You can argue that Zynga’s value isn’t real, since we’re in a bubble, and it is bound to deflate. But traditional game companies shouldn’t get comfortable with that thought. That’s because Zynga could use its valuation to buy assets with real value. It has been buying a small game studio every month, but it has built enough of a cash hoard to buy a traditional game maker. It can invest enough money in new games where it will become a threat to be reckoned with. That is how bubble value turns into real value.

The naysayers have plenty of ammo, as they can argue that upstarts such as Zynga are still small in the grand scheme of things. Zynga learned during much of last year that being No. 1 is a fragile position; after FarmVille peaked, and before CityVille launched, Zynga was losing millions upon millions of users. Then a new hit game, CityVille, lifted it back into growth mode.

Lots of brands are going to attack Zynga’s core market of Facebook games this year. But it will likely be very hard to dislodge Zynga, which has moved into a kind of self-perpetuating state. Zynga has to spend a lot of money on marketing to stay there, but as long as it has the cash, and can get more of it, Zynga is very formidable on Facebook.

But let me point out the obvious. The gaming market’s growth isn’t done. With each major disruption, the audience tends to grow ten-fold, as noted by game pioneer Richard Garriott. We’ve seen that happen as social games exploded, reaching far more casual gamers than hardcore games ever did. And we could see this happen again with the arrival of game-capable mobile devices.

The biggest area of growth in the coming years is likely to be games for tablets and smartphones. In that market, EA has a huge position, while Activision Blizzard isn’t a player. And Zynga is just getting started in competition with big Japanese companies such as DeNA, which bought Ngmoco for $403 million, or roughly 13 times revenues.

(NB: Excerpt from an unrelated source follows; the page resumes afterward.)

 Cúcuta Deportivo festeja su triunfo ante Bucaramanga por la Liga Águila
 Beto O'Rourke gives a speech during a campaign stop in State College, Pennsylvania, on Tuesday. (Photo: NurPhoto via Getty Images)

If EA and Activision Blizzard think of themselves as console gaming companies, they aren’t thinking big enough. If Zynga thinks about itself as a Facebook company, it isn’t thinking big enough. Mobile gaming and the larger digital markets that go with it are going to be where the real value gets created, since the audience size will grow from the potential of 600 milllion Facebook to billions of users.

Mobile gaming is where the battle royal is going to be. And nobody has that market locked up yet. If everybody’s dreams about mobile come true, then the valuations of game companies are low. Now how’s that for a WTF thought?